Inside the terminal, eyes followed them. This wasn't Megan's home turf, and the attention here had a different texture - less awe, more curiosity, more opportunism. She kept her smile in place anyway, professional down to the last breath.

But what truly confused her wasn't the stares.

It was something else entirely - something private, absurd, and inexplicably persistent.

Something Alex had insisted on during their most intimate moments, like it mattered, like it pleased him in a way she couldn't translate.

"Odosan."

Megan had asked him what it meant once. He'd dodged it with a grin and a kiss.

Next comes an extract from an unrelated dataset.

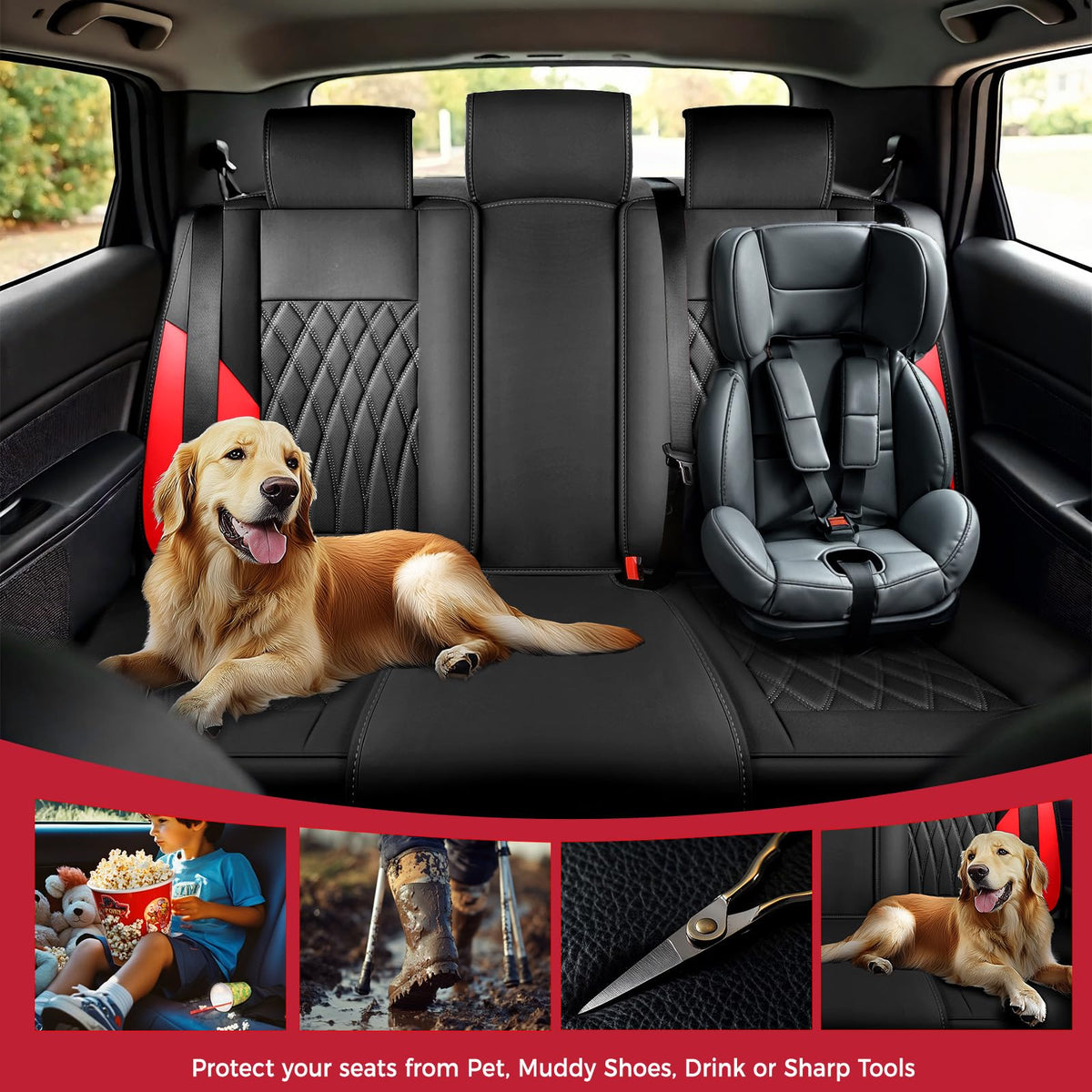 Car Seat Covers Full Set Faux Leather Black Red D117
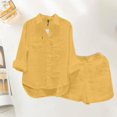 thumbnail image 2 of LEKODE Women's 2 Piece Linen Short Sets Summer Casual Button Down Shirt Matching Shorts Lounge Beach Outfits with Pockets Yellow S, 2 of 3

She'd let it go because the world was full of oddities, and this one was harmless - until she realized how satisfied he looked every single time she said it.

Now, standing at the edge of departure, she studied him as if trying to read a man she'd only met in fragments.

"You're impossible," she said, quiet enough that only he could hear.

Alex watched her walk away with the controlled grace of someone used to leaving before the ache could show. When she disappeared beyond the security gates, he stood there for a beat longer than necessary, the hollow place she left behind briefly audible beneath the airport's noise.

His phone buzzed again - another notification, another thread, another argument about Rebeca's "importance," another person swearing they'd decoded Aizen's heart as if the world owed them an explanation.

Alex slipped the device back into his pocket without looking.

The internet could keep theorizing.

Let them turn still images into myths. Let them fight over what they wanted the story to be.

Because Alex knew the truth that mattered: the loudest wars were never fought on-screen.

They were fought in the quiet choices people made when no one was watching - and in the private scars they tried to hide behind the roles they played.